Home > Uncategorized > Latvia and the output gaps

Latvia and the output gaps

Nobody who knew about it ever doubted it. Before 2008 countries like Spain and Latvia had ‘positive output gaps’- aggregate demand was larger than the capacity of the domestic economy. This led among other things to large and unsustainable current account deficits. According to the (vintage…) textbooks you solve this problem by restricting domestic demand as this will lead to a decline of imports. As foreign demand will keep increasing exports will however increase which means that the deficit will dwindle in no time. See also this blogpost for some empirical data which vindicate this wisdom.

However. Not all positive output gaps are created alike. And the textbook wisdom only applies to what I call ‘endogenous positive output gaps (ENPOG’s)’. And not to ‘exogenous positive output gaps’ (EXPOG’s). And Spain and Latvia had EXPOG’s, not ENPOG’s (Paul Krugman and Olivier Blanchard seem to be rather confused about this…).

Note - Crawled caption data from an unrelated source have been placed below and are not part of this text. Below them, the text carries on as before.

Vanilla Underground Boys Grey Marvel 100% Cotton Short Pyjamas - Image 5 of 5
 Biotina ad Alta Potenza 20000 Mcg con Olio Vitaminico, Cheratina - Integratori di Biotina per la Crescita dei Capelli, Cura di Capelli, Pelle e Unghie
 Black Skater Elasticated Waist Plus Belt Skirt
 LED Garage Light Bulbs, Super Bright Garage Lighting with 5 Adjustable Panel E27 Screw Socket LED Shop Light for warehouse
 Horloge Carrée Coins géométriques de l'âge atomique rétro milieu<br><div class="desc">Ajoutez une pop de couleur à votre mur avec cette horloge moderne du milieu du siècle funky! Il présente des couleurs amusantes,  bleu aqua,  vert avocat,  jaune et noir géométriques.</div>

ENPOG’s are created by domestic events inherent in the domestic economy, like a housing boom fuelled by domestic credit. They generally lead to limited deficits on the current account which can be cured by a limited restriction of demand. EXPOG’s are however created by external circumstances, like large inflows of capital or a war. In such a case current account deficits tend to be much larger than in the case of ENPOG’s. To restrict these large deficits domestic demand has to be decreased much more (or will be reduced much more, for instance by a ‘sudden stop’ of the inflow of capital) than in the case of exogenous gaps, with disastrous unemployment as a consequence. While the same crisis which is often causes the ‘sudden stop’ will also prevent an increase of foreign demand and an increase of exports.

1ac

Which is of course exactly what happened in the Baltic states, Bulgaria and Ireland and what is happening in Spain, Greece and Italy. Restraining domestic demand works (‘A) in the graph) – but once this phase is over exports (as a % of GDP) only increase haphazard – as foreign demand is restricted (B in the graph). And the country is left with debts and über-unemployment which is only solved by massive emigration.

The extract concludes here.